Hello Community,
I am running AI inference on i.MX8qmmek with BSP 5.4.3_2.0.0. I have a custom TfLite application written in C++ to run inference on mobilenet/ mobilenet+SSD models.
The application seems to use GPU/CPU neon acceleration as the inference times are almost 4x times using GPU compared CPU only computations.
However, the problem comes when I compare the "label_image" application with my custom application.

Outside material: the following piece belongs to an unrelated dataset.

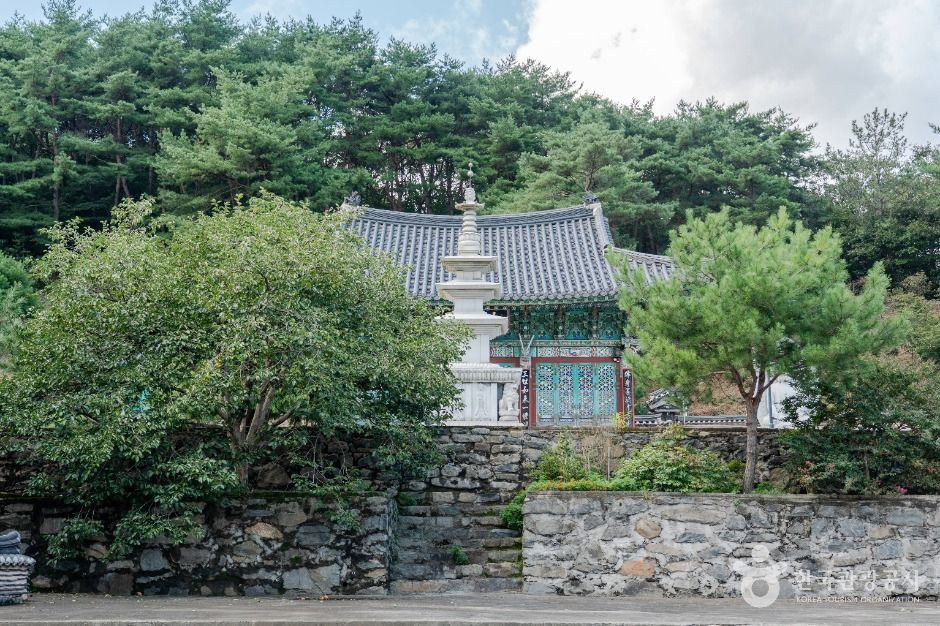 무진암(부여) 여행 추천 - 로드트립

Model used: mobilenet 0.25 (128x128) quantized
The GPU accelerated inference times are as follows:
1. "label_image" sample application - 1.6 ms
2. custom application - 11 ms
The CPU neon accelerated inference times are as follows:
1. "label_image" sample application - 2.7 ms
2. custom application - 56 ms
I cannot understand where this difference is coming from. One of my observation when using GPU acceleration is,
with the "label_image" sample application, the console shows INFO: Created TensorFlow Lite delegate for NNAPI.
Applied NNAPI delegate.invoked. However with my custom appluication, it shows INFO: Created TensorFlow Lite delegate for NNAPI. NNAPI acceleration is unsupported on this platform.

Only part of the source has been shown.